Dorothy Elizabeth Barton duPont brought an action against Alfred Victor duPont for separate maintenance. The Court of Chancery, 79 A.2d 680, entered an order denying a motion to dismiss the complaint for lack of jurisdiction over the subject matter and the defendant appealed. Dorothy Elizabeth Barton duPont moved to dismiss the appeal on ground that the order denying the motion to dismiss the complaint was not appealable. The Supreme Court, Wolcott, J., held that the denial of the motion to dismiss complaint was an interlocutory decree and appealable and the denial determined the plaintiff's right to institute her cause in the Court of Chancery.
Motion to dismiss appeal denied.
Arthur G. Logan and Samuel R. Russell, of Logan, Marvel & Boggs of Wilmington, for appellant.
James R. Morford, of Morford, Bennethum, Marvel & Cooch of Wilmington, for appellee.
Before WOLCOTT and TUNNELL, Justices, and TERRY, Judge.
[32 Del.Ch. 406] This is an appeal in an action instituted in the Court of Chancery by a wife seeking separate maintenance. The husband moved to dismiss the complaint for the reason, inter alia, that the Court of Chancery lacked jurisdiction over the subject matter. The court below denied the motion to dismiss.
This appeal is taken from the denial of the motion to dismiss. The appellee moved to dismiss the appeal on the ground that the order denying the motion to dismiss the complaint was a decretal order and, as such, not appealable under the constitutional provision allowing appeals from interlocutory decrees of the Court of Chancery.
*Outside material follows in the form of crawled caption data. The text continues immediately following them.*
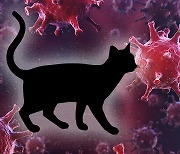 국내 첫 반려동물 코로나19 감염사례는 진주 국제기도원 고양이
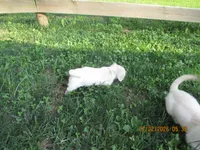 AKC Registered , a female Miniature Dachshund for sale in Christiana, PA – 7 of 8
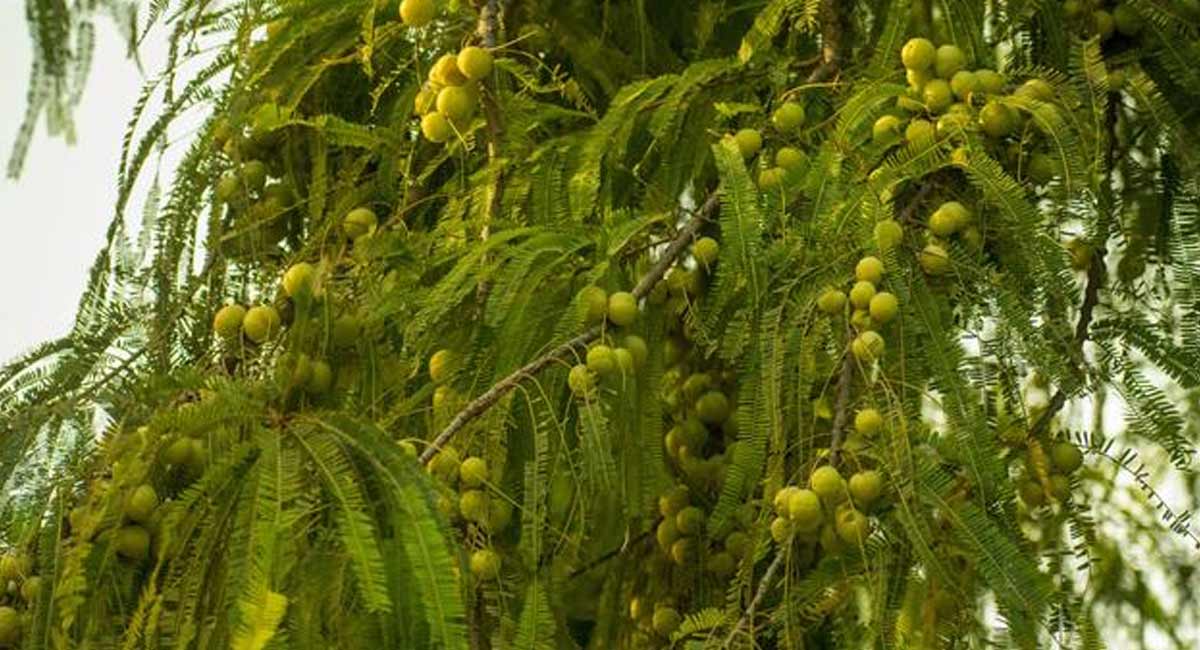 Daily intake of amla is good for health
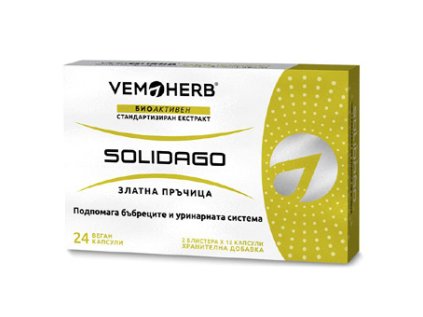 Solidago zlatobyl
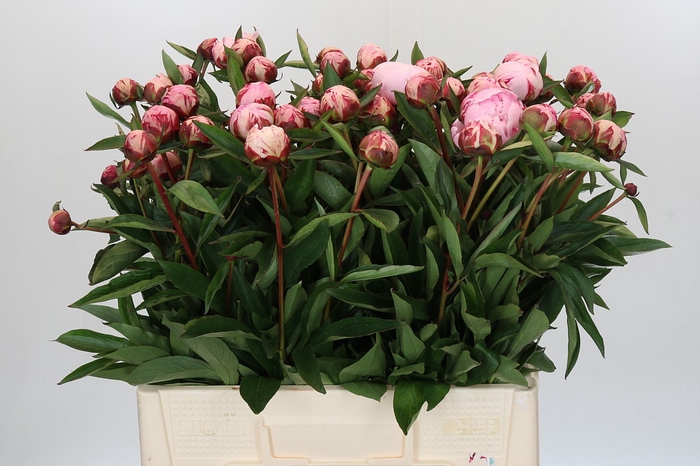 Paeonia Sarah Bernhardt Ongeplozen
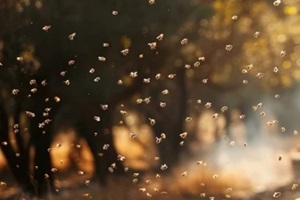 honeybees flying in a forest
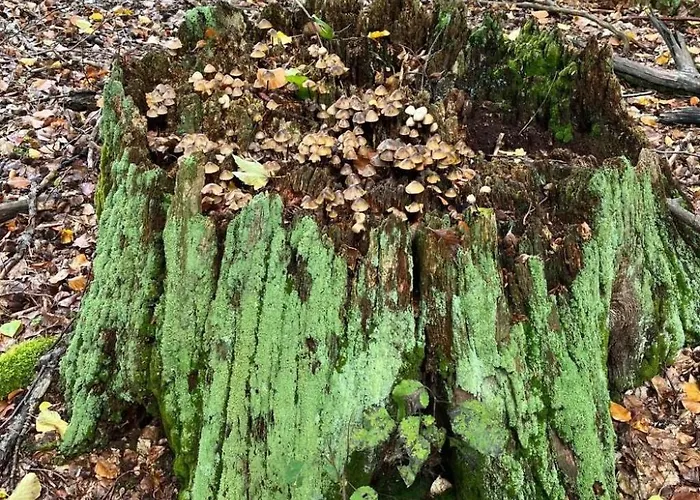 Landurlaub Mecklenburgische Seenplatte B- Waren Mueritz By Interhome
This court's jurisdiction to hear appeals from Chancery is conferred by Section 11, Article IV of the Constitution of 1897, as amended, as follows:
‘ Section 11. The Supreme Court shall have jurisdiction as follows:
‘ (4) To receive appeals from the Court of Chancery, and to determine finally all matters of appeal in the interlocutory or final decrees and other proceedings in chancery.'
The present constitutional provision is similar to the provisions providing for appeals from Chancery found in the Constitutions of 1831 and 1792. It was held in Electrical Research Products, Inc., v. Vitaphone Corporation, 20 Del.Ch. 417, 171 A. 738, that the provision of the Constitution of 1897 is in substance the same as the provisions found in the Constitutions of 1831 and 1792. In Tatem v. Gilpin, 1 Del.Ch. 13, it was held that the provision of the Constitution of 1792 respecting appeals from Chancery secured and did not enlarge that right of appeal. The Vitaphone case approved and followed the rule laid down in the Tatem case. These holdings mean that the right of appeal from Chancery in Delaware exists in the same manner and to the same extent to which the right of appeal to the House of Lords from the High Court of Chancery existed in Great Britain prior to the separation of the colonies.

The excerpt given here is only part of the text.